When I first started The Siege, I had two questions. First, I wondered how Lars Hedbor would make a story about a siege interesting. After all, what is there to say about a siege of a city that would keep a reader’s interest for more than a few pages? A city is occupied by an invading army, there is hardship, it goes on day after day after day, nothing changes from one day to the next other than more hardship. A siege could go on for a long time but it was difficult to see how a book could do the same.
I needn’t have worried. It’s all in the details, and Hedbor knows how to manage the details.
My second question was more to myself. Wait, I said … there was a siege at Yorktown? What I remember about Yorktown from my high school U.S. history is that the Americans won and it ended the war. That was the key message.
There was, indeed, a siege, one that should be a key part of the Yorktown story. When Americans think of the battle of Yorktown we still think about how the American army won against the British. Yay for the Americans, right? Maybe the French get a mention here and there, and maybe if you dig a little you’ll find out that the battle took more than a day. But we don’t talk about the siege. You don’t hear in the popular version of the Yorktown story about the ordinary townspeople who had to deal with the British in their city and in their homes. You don’t hear about what it means to be living in an occupied town. Do you have access to food?
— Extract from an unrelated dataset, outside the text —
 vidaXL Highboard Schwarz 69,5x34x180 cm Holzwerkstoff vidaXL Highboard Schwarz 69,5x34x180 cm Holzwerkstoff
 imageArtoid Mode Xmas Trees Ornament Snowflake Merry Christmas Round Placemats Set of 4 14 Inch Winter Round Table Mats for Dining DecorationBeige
What about firewood to heat your home or do your cooking? What about the physical dangers involved in being overrun by an army that needs food and shelter and you’re in the way? What about the destruction by the occupying army of the homes of the people who had fled as the army marched in?
In reality, the battle of Yorktown included a siege of about three weeks. Hedbor walks us through how that must have felt by having us live with several ordinary people who stayed behind as others fled. He brings his characters to life with little details, filling in their backstories. They’re not just a few random people living in the town who he brings in just to have characters. They may be fictional -- but they become real in the telling of the story.
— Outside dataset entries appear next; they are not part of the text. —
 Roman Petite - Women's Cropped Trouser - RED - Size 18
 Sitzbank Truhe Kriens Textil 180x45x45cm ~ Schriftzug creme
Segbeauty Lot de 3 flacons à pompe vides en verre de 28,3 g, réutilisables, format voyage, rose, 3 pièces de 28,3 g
Real people in war don’t have the information we all have two hundred years later, or even the information Americans would have had within a few months after the battle. We’re with Nathaniel, our central character, as he sees some ships coming in. He wonders whose ships they are…are they more resources for the British, or do the Americans have ships he doesn’t know about? They’re French ships -- but people living their lives in town wouldn’t know that. Another detail is shown when Nathaniel briefly meets a man who is scouting the area in preparation for the eventual battle. The man speaks English with an accent, Nathaniel notes, and he wonders where the man is from and how did a foreigner so young become a general in the American army? Anyone who knows American history will immediately recognize, even before he is named in the story, that this is the Marquis de Lafayette. But Nathaniel wouldn’t know that, or have any way of knowing the how and why of French assistance.
This is what Hedbor gives us in his revolutionary war books. The Siege and other books in his Tales From A Revolution series aren’t analytical histories discussing military strategy. You can find that elsewhere. You won’t read much about the laws or policies being implemented by either the Continental Congress or the British government, except to the extent that those laws and policies affected someone’s life. These are not the topics that ordinary people thought about in the midst of war. Hedbor gives us the daily lives of those people, and it provides a whole new perspective on what it must have meant to be there.